The Department of Chemistry at the University of Colorado Boulder is internationally recognized for its specialized research and education into the study of matter, energy, and the interaction between them.
As part of its commitment to excellence, the department provides cutting-edge opportunities across a wide range of chemistry branches, resulting in world-class innovation in topics like renewable energy, atmospheric pollution and advanced spectroscopy techniques.
Why study Chemistry at CU Boulder?
The behavior of atoms, molecules, and ions determines the sort of world we live in, our shapes and sizes, and even how we feel on a given day. Chemists who understand these phenomena are well-equipped to tackle problems faced by our modern society.
Chemistry, in particular, is the study of matter and energy and the interaction between them. Sometimes called the “central science,” chemistry connects the other natural sciences together in a way that is both theoretical and applied, and allows for a wide variety of science-related careers.
Within chemistry there are a number of branches, all of which are researched at CU Boulder. These branches include analytical, inorganic, organic and physical chemistry. In addition, CU Boulder also has a strong research presence into materials and nanoscience, environmental chemistry and atmospheric chemistry (which is one of only a few analytical groups nationwide that offer the focus).
Biochemistry is also researched at CU Boulder but is located within the Department of Biochemistry.
The Department of Chemistry at CU Boulder is also one of the best in the nation, with our graduate program ranking #30 in the United States according to the most recent US News and World Report rankings, with the Physical Chemistry specialization ranking #14 by the same metrics.

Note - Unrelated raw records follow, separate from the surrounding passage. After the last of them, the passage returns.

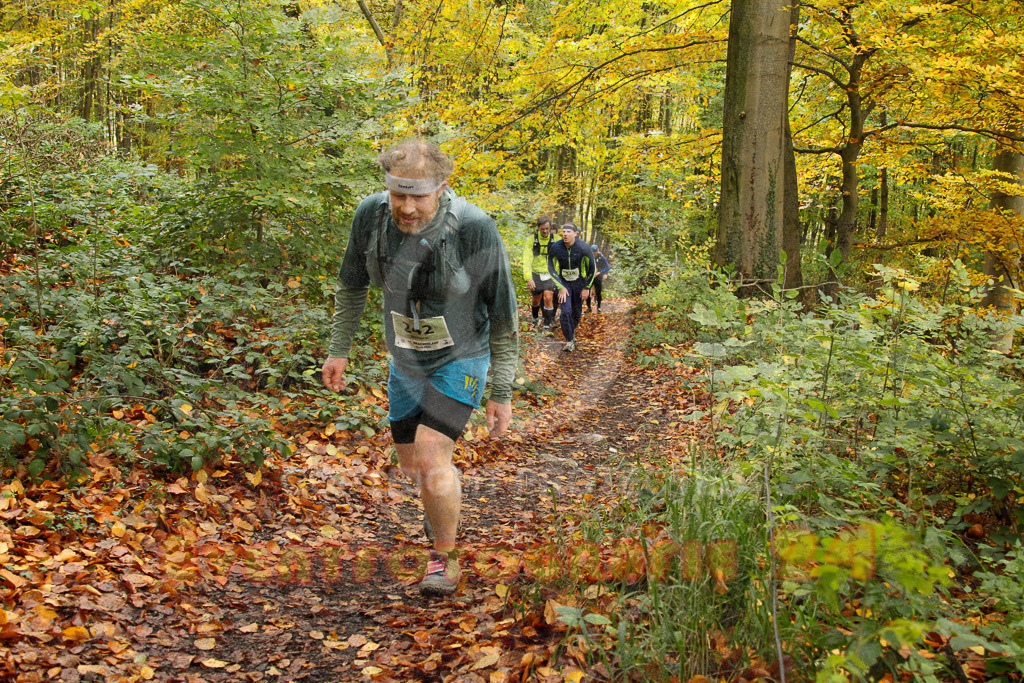 251026_1245_EV4_5726 | Sportfotografie im Rhein-Sieg Kreis, Köln, Bonn, NRW, Rheinland Pfalz, Hessen, etc. Unser Tätigkeitsfeld umfasst den Laufsport vom Volkslauf über den Marathon, Duathlon, Triathon bis zum Ultralauf wie Kölnpfad Ultra oder Schindertrail.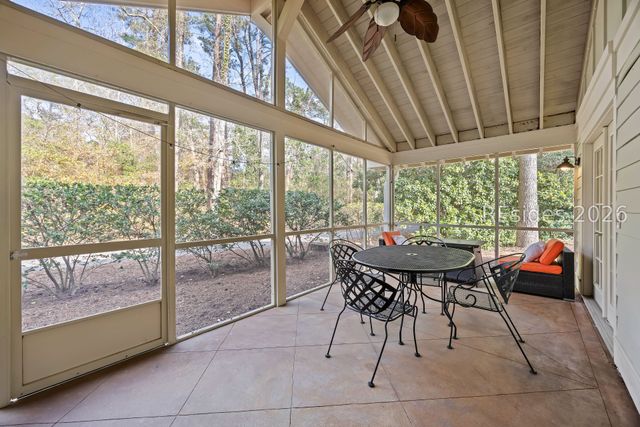 8 Sundew Ct, Hilton Head Island, SC 29926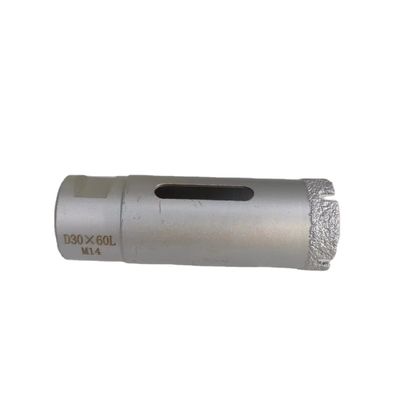 35 mm M14 Diamante para perforación en seco Porcelana de Dekton segmentada sobre base de acero negro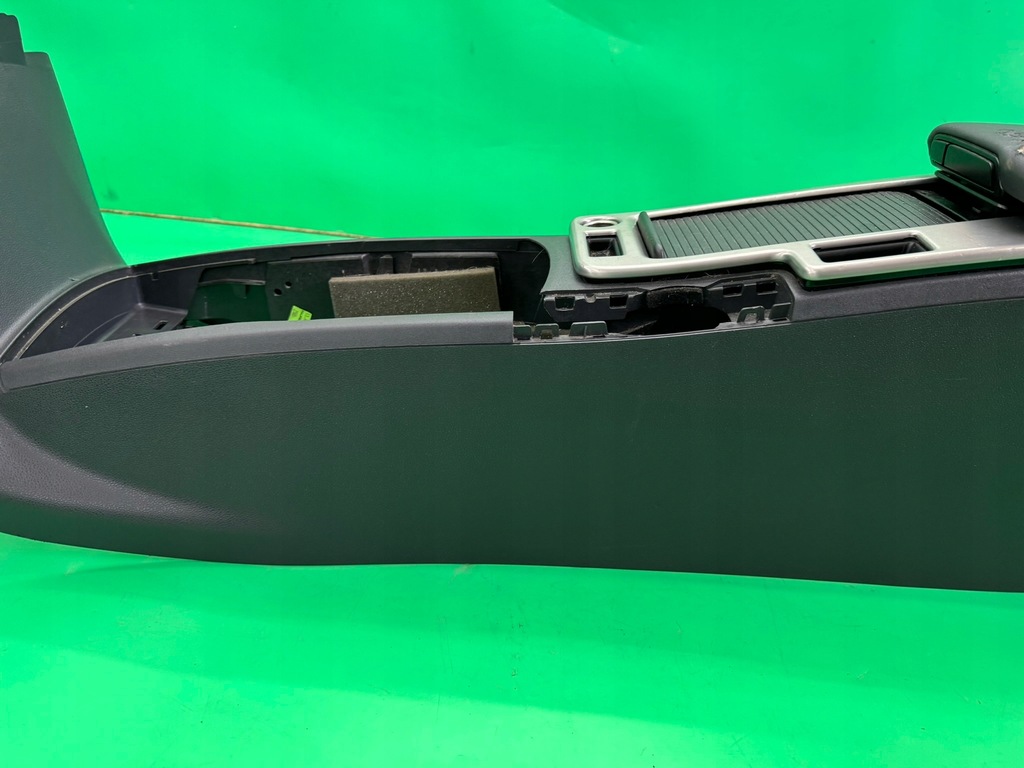 фото №7, Тунель середній підлокітник рамка 30755374 volvo c30 06- europa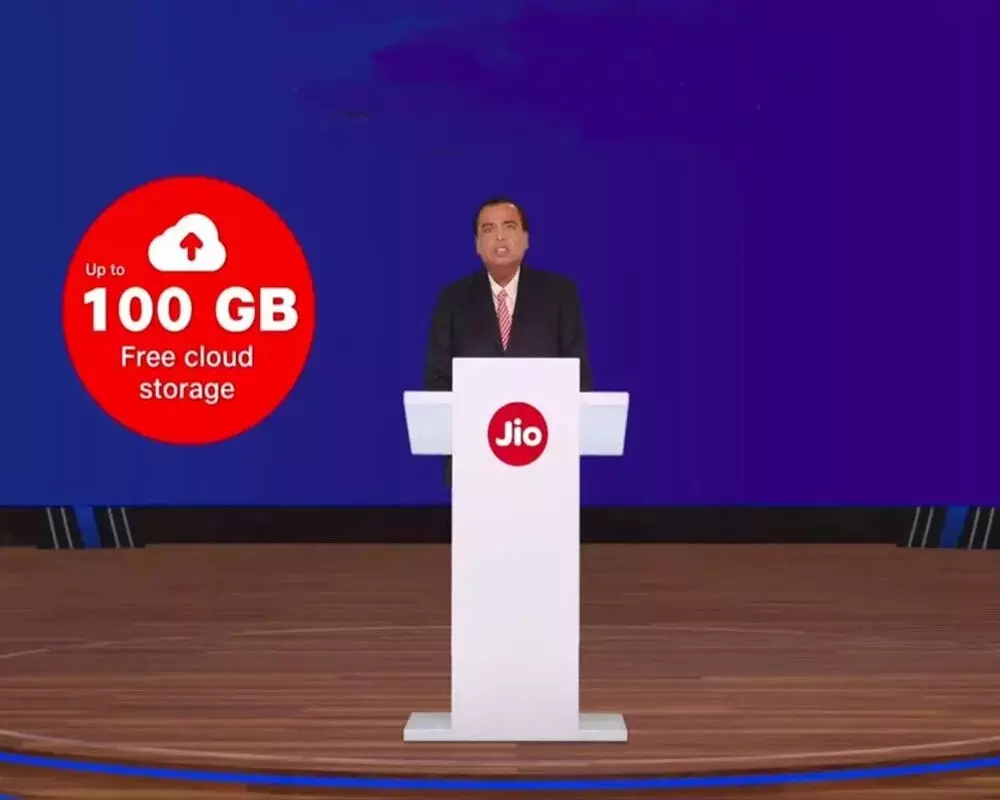 Jio will give 100 GB free cloud storage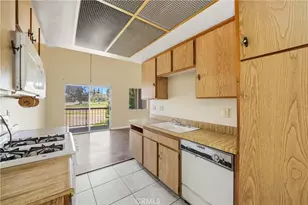 3274 Little Mountain, San Bernardino, CA 92405 - Photo 15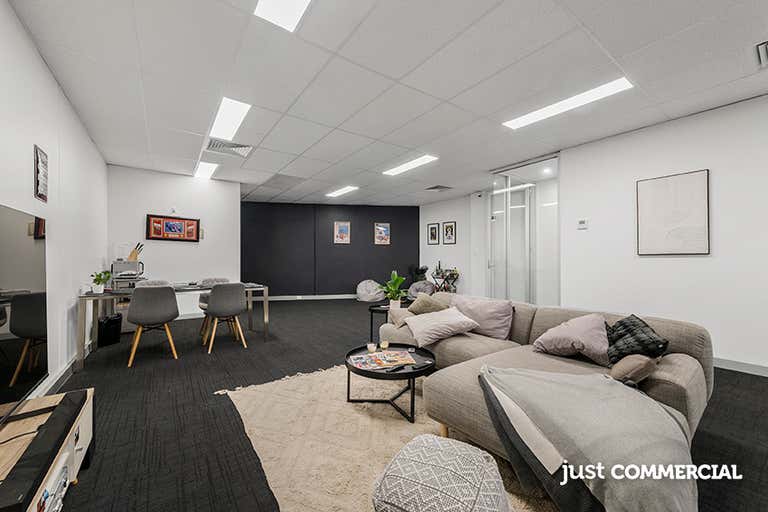 8/88 Wirraway Drive Port Melbourne VIC 3207 - Image 2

In addition, the department has a number of excellent and award-winning faculty, including, but not limited to, three Distinguished Professors, four members of both the American Academy of Arts and Sciences and National Academy of Sciences, eight National Science Foundation CAREER winners, a recipient of the Governor's Award for Research Impact, five highly cited researchers as measured by ISI and Thomson Reuters, five Guggenheim fellowship recipients and numerous fellows for the American Geophysical Union, Alfred P. Sloan, American Physical Society and the American Association for the Advancement of Science. As well, the department's faculty are incredibly innovative, resulting in over 150 patents.